Do you think that this patch might not fit DWARF5?

Conveying the macro data from the frontend through the IR should work the same way for either, I'd guess. DWARF 5 will have differences in detail of emitting the data into the object file and that will probably have to be done separately anyway.

aaboud added a comment.Dec 9 2015, 6:42 AM

Thanks Paul for the comment.
This is what I was trying to say, I understand the concerns regarding DWARF5, but I am sure that once DWARF5 is official this design will easily be upgraded to support it.
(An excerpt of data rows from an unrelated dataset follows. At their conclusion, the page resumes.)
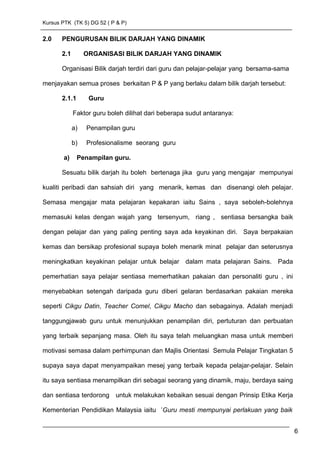 Kursus PTK (TK 5) DG 52 ( P & P)
2.0 PENGURUSAN BILIK DARJAH YANG DINAMIK
2.1 ORGANISASI BILIK DARJAH YANG DINAMIK
Organisasi Bilik darjah terdiri dari guru dan pelajar-pelajar yang bersama-sama
menjayakan semua proses berkaitan P & P yang berlaku dalam bilik darjah tersebut:
2.1.1 Guru
Faktor guru boleh dilihat dari beberapa sudut antaranya:
a) Penampilan guru
b) Profesionalisme seorang guru
a) Penampilan guru.
Sesuatu bilik darjah itu boleh bertenaga jika guru yang mengajar mempunyai
kualiti peribadi dan sahsiah diri yang menarik, kemas dan disenangi oleh pelajar.
Semasa mengajar mata pelajaran kepakaran iaitu Sains , saya seboleh-bolehnya
memasuki kelas dengan wajah yang tersenyum, riang , sentiasa bersangka baik
dengan pelajar dan yang paling penting saya ada keyakinan diri. Saya berpakaian
kemas dan bersikap profesional supaya boleh menarik minat pelajar dan seterusnya
meningkatkan keyakinan pelajar untuk belajar dalam mata pelajaran Sains. Pada
pemerhatian saya pelajar sentiasa memerhatikan pakaian dan personaliti guru , ini
menyebabkan setengah daripada guru diberi gelaran berdasarkan pakaian mereka
seperti Cikgu Datin, Teacher Comel, Cikgu Macho dan sebagainya. Adalah menjadi
tanggungjawab guru untuk menunjukkan penampilan diri, pertuturan dan perbuatan
yang terbaik sepanjang masa. Oleh itu saya telah meluangkan masa untuk memberi
motivasi semasa dalam perhimpunan dan Majlis Orientasi Semula Pelajar Tingkatan 5
supaya saya dapat menyampaikan mesej yang terbaik kepada pelajar-pelajar. Selain
itu saya sentiasa menampilkan diri sebagai seorang yang dinamik, maju, berdaya saing
dan sentiasa terdorong untuk melakukan kebaikan sesuai dengan Prinsip Etika Kerja
Kementerian Pendidikan Malaysia iaitu ’Guru mesti mempunyai perlakuan yang baik
6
Do you still think I need to change anything with this patch?
Otherwise, can you give me approval for committing?

Thanks,
Amjad

The only concern I've got with this is whether we shouldn't future-proof this by using the DWARF5-style DW_MACRO_.* constants internally, since the old ones aren't even defined in the DWARF5 standard document any more and thus might be harder to find documentation for.

Older versions of the DWARF spec will remain available; dwarfstd.org has them back to 1.1. I'm not concerned about the constant names becoming unavailable.
On the contrary, the DWARF 5 constants aren't officially defined/published yet, and using them is speculative. I'd prefer to see DW_MACINFO for now, and add DW_MACRO later.

Context: In DWARF5 ( http://dwarfstd.org/ShowIssue.php?issue=110722.1 ) the DW_MACINFO_.* constants will be renamed to DW_MACRO_*. This will be fun to implement in dwarfdump because the same numeric value has different names depending on the DWARF version.

Yeah... reading the data from the object file will be unambiguous (different section name) but pretty printing it might get kind of tedious.

Thanks Adrian for the comment.
I understand your concern, but I think it is not related to this patch of macro support in LLVM IR.
I intentionally, split code into several parts, so the concern can be raised only on the problematic ones.

Do you think that this patch might not fit DWARF5?

Conveying the macro data from the frontend through the IR should work the same way for either, I'd guess. DWARF 5 will have differences in detail of emitting the data into the object file and that will probably have to be done separately anyway.

aprantl accepted this revision.Dec 9 2015, 8:47 AM
aprantl edited edge metadata.

Since the numeric values are identical there are no binary compatibility issues and the constants in the assembler could be renamed later and auto-upgraded without too much effort.

thanks!

This revision is now accepted and ready to land.Dec 9 2015, 8:47 AM
This revision was automatically updated to reflect the committed changes.